Yunanistan, dün Körfez Krizi sırasında rahmetli Özal’ın yapmaya çalıştığı, bugünlerde Sayın Erdoğan’ın yapmaya çalıştığı ama muhataplarına bir türlü güven veremediği için başaramadığı şeyi yapıyor: süper güçlerin hedeflerini/çıkarlarını, belli karşılıklar, ödünler ya da tavizler vererek, Yunanistan’ın ve iktidardaki Yeni Demokrasi Partisi’nin hedefleri/çıkarları ile uyumlulaştırıp kullanmak…
Yunanistan ülkesini ABD’ye açarak, bir taraftan ABD’den daha önce temin edemediği askeri yardımı-desteği alıyor, diğer taraftan ABD’nin açık desteğine sahip olduğu mesajını veriyor ama, ABD’nin kendisini ne gibi gailelerle karşı karşıya bırakabileceğinin farkında değil gözüküyor. Atina, “ABD’li bu tabloyu” medyada geçtiği şekillerde Türkiye’ye karşı kullanıyor ve iktidardaki Yeni Demokrasi Partisi de bunun iktidarını güçlendirdiğini-güçlendireceğini düşünüyor. Tabiatıyla, bu tablo, Türkiye’ye de tam tersi yönde yansıyor, AKP iktidarını ve AKP iktidarı üzerinden Türkiye’yi gücü tükenmiş, gücü bir işe yetmez, beceriksiz gösteriyor. Yunanistan’ın Türkiye yaklaşımı, “AKP/Erdoğan defteri”ni kapamış gözüken ABD’nin, ayrıca bu defteri kapamasını da kolaylaştırıyor.
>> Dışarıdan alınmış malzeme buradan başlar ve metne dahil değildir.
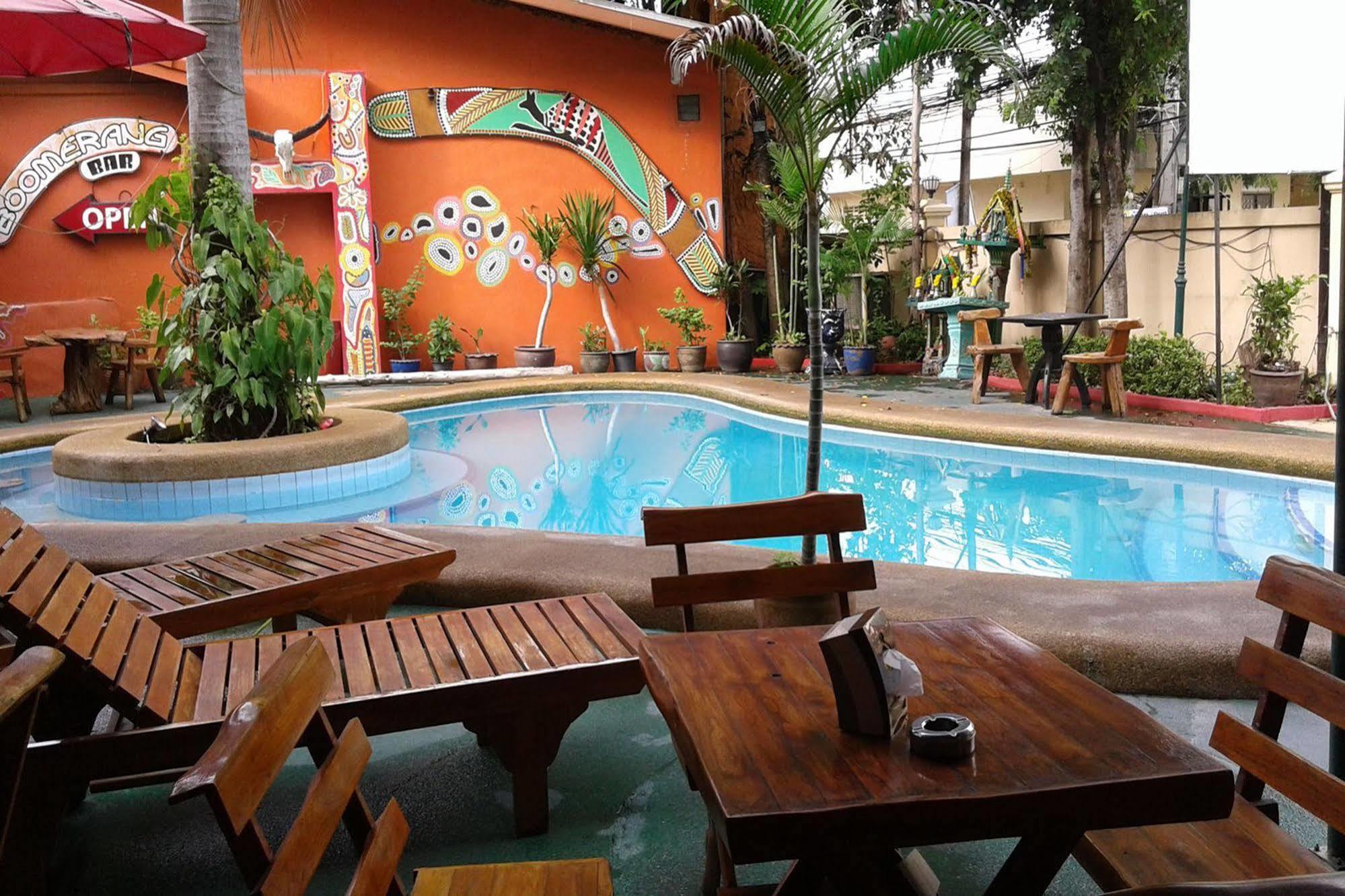 Shagwell Mansions Hotel Pattaya Exterior foto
Çünkü Yunanistan’ın Türkiye yaklaşımı, Türkiye’de iktidar değişimini besleyici bir etkiye yol açıyor. Anlaşılabileceği üzere, ABD, bu suretle, hem Yunanistan’ın, hem de Türkiye’nin iç işlerine karışmış oluyor. Peki, gören, tepki koyan var mı? “Bırak, kendi göbeğimizi kendimiz keseriz” diyen var mı? Yok. “İktidarlar böyle geliyor, böyle gidiyor” diye kanıksanmış… Ama yanlış, “böyle gelmiş, böyle gitmemeli”…
Son bir husus: ABD’nin ve ABD himayesindeki Yunanistan’ın güncel Türkiye yaklaşımları, bağlı ve eş zamanlı diğer konular ile birlikte, Türkiye’ye yönelik ciddi bir tehdide/tehlikeye yol açmış iken, Ankara, “Batı Trakya Türk Cumhuriyeti” kartını bir tezekkür etmelidir diye düşünüyorum. Bu konunun Batı Trakya’da uç vermesi, Türkiye’de uzmanların tartışmalarına konu olması, ABD’ye ve Yunanistan’a mesaj olur diye düşünüyorum. Batı Trakya Türk halkının Lozan’dan kaynaklanan haklarının Atina tarafından görmezden gelindiği herkesçe biliniyorken, bu, anlaşılır bulunabilir. Keza, ABD’nin Batı Trakya’daki son askeri konuşlanmasında yörenin Türk ve Müslüman halkını inciten ve onlara yönelik bir gözdağı olarak algılanan küçük çaplı askeri tatbikatlar da var. Batı Trakya’nın Türk ve Müslüman olan halkı, Eylül 1913’te kurulmuş; bağımsızlığı ve özgürlüğü simgeleyen “beyaz”, Müslümanlığı simgeleyen “yeşil”, çekilen acıları ve çileyi simgeleyen “siyah” renklerinde oluşan, üç renkli bayrağı, yeniden hatırlayabilir, kaldırabilir. Niye olmasın? Yunanistan’a ve ABD’ye karşı, bu konun tezekkür edilmesinde yarar görürüm.
“Batı Trakya Türk Cumhuriyeti” konusu, Türkiye’nin merkezinde yer alabileceği (etken konumda olabileceği) bir kriz senaryosu örneği olarak, “Dış Politikada Kriz Yönetimi” kitabımda (2004, Odak Yayınları, Ankara, 260 sayfa), 198-207. sayfaları arasında ele alınmıştır. Arzu edenler oraya bakabilir.